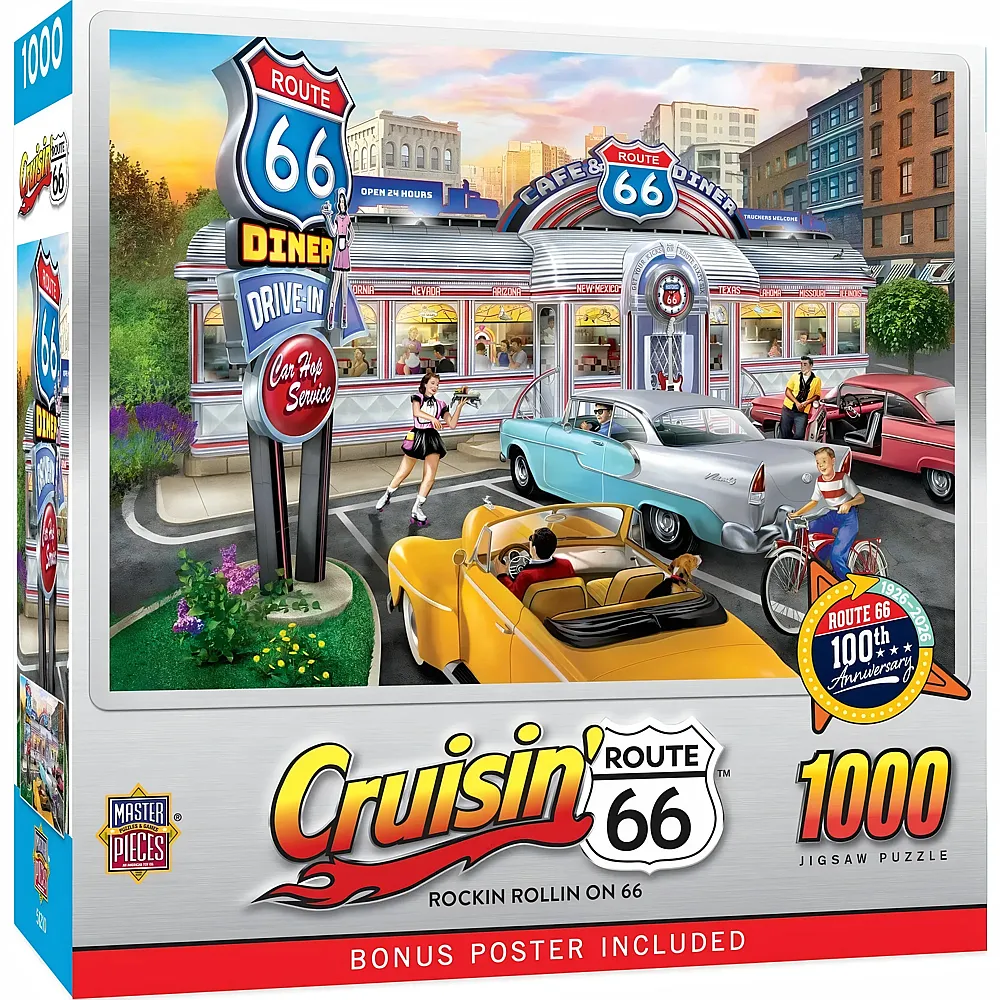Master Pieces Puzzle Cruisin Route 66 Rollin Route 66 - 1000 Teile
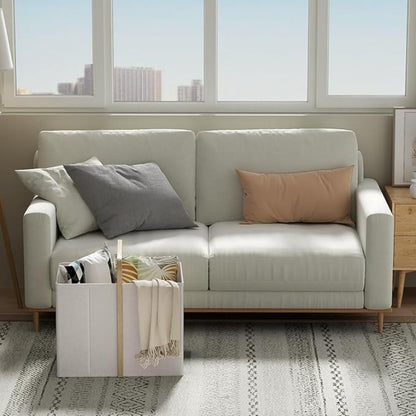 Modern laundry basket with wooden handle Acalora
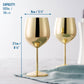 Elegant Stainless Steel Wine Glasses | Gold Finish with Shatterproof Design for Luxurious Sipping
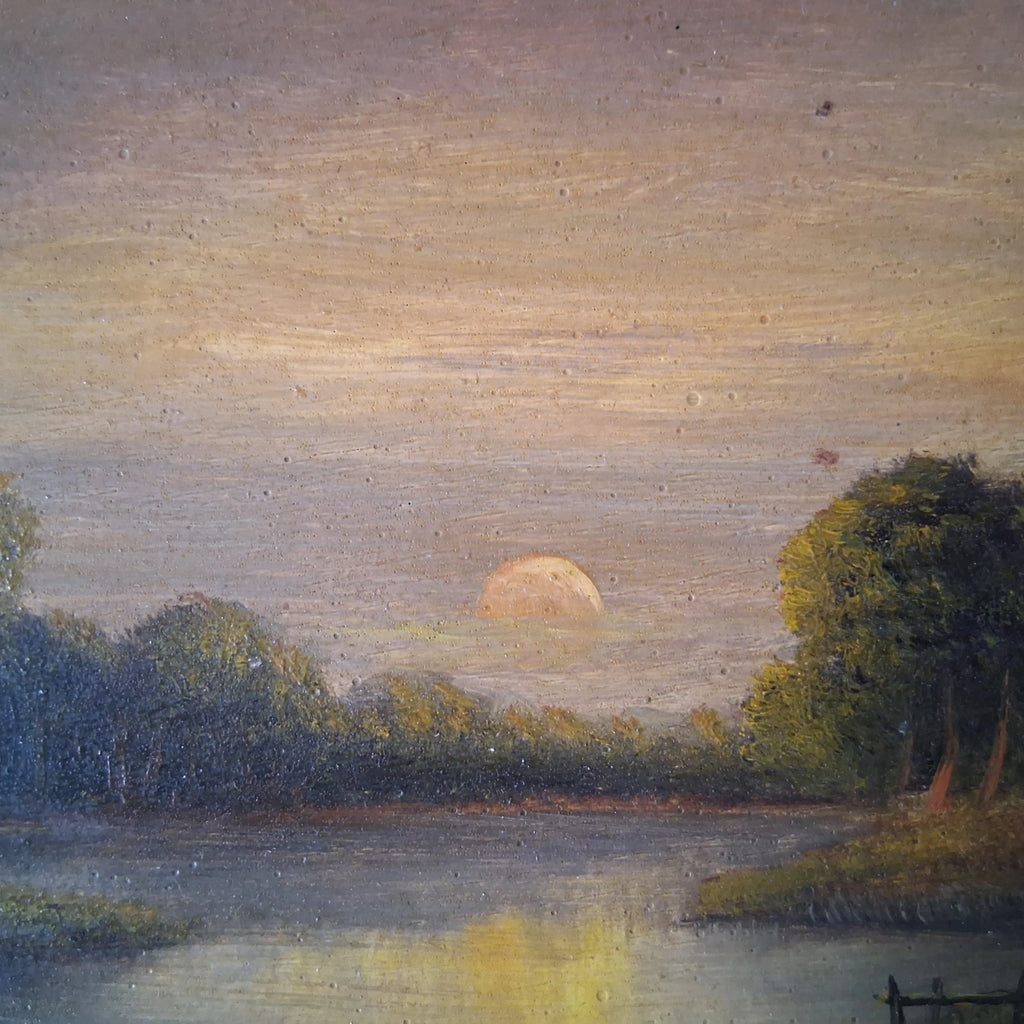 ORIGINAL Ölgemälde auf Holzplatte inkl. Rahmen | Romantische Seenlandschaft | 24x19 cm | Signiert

§ **WHAT TO WORK ON**
Would you give the material back exactly, minus the pictures?

§ **RESPONSE**
Master Pieces Puzzle Cruisin Route 66 Rollin Route 66 - 1000 Teile
 Modern laundry basket with wooden handle Acalora
 Elegant Stainless Steel Wine Glasses | Gold Finish with Shatterproof Design for Luxurious Sipping
 ORIGINAL Ölgemälde auf Holzplatte inkl. Rahmen | Romantische Seenlandschaft | 24x19 cm | Signiert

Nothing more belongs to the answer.